Di antaranya menyebutkan bahwa wanita (perempuan) memiliki kekuatan hebat yang dapat menumbuhkan dan meruntuhkan dunia. Jika dua kekuatan (pria dan wanita) disatukan akan menjadi kekuatan yang semakin dahsyat.
Makna yang hendak kami sampaikan adalah keduanya memiliki kesetaraan, tak ada yang yang harus dominan berada di depan, atau selalu di belakang, tetapi hendaknya selalu berdampingan, seiring sejalan.
Itu pula hendaknya dalam membangun bangsa, menempatkan keduanya dalam porsi yang sama pentingnya, tanpa pengecualian, tanpa diskriminasi, tanpa pula beda perlakuan dan penghargaan.
Agama apa pun mengajarkan, perbedaan manusia di hadapan Sang Pencipta bukan karena status sosial ekonominya.

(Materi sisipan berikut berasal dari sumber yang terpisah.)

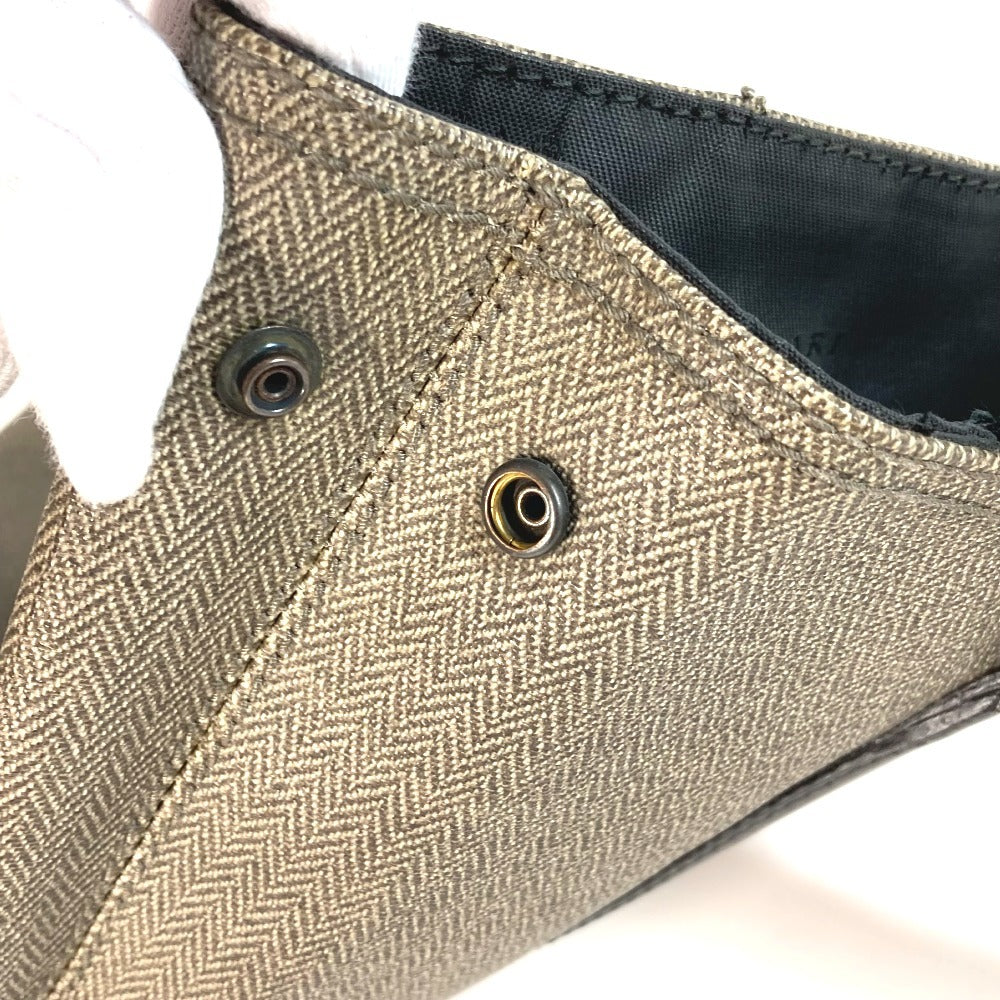 BVLGARI Weekend Logo Bag Vertical Tote Bag Shoulder Bag PVC/Leather Unisex Gray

Bukan karena hartanya, bukan kedudukannya, bukan pula pangkat dan jabatannya dan latar belakang statusnya, tetapi ketakwaannya.
Ada keinsafan dan kesadaran diri yang diikuti dengan kepatuhan dan ketaatan dalam melaksanakan perintah Allah dan menjauhi segala larangan-Nya.
Dalam konteks kehidupan berbangsa dan bernegara. Yang utama adalah tingkat pengabdian kepada bangsa dan negara yang diikuti adanya kepatuhan kepada segala norma yang berlaku di negeri kita.
Melanggar norma berarti bentuk ketidaktaatan kepada peraturan perundang-undangan yang diciptakan oleh negara. Di era kini bukan saatnya lagi membedakan perlakuan terhadap perempuan.
Terlebih undang – undang telah mengamanatkan penghapusan diskriminasi terhadap perempuan sebagaimana tertuang dalam UU No 7 Tahun 1984 tentang Ratifikasi Konvensi PBB tentang Penghapusan Segala Bentuk Diskriminasi terhadap Perempuan.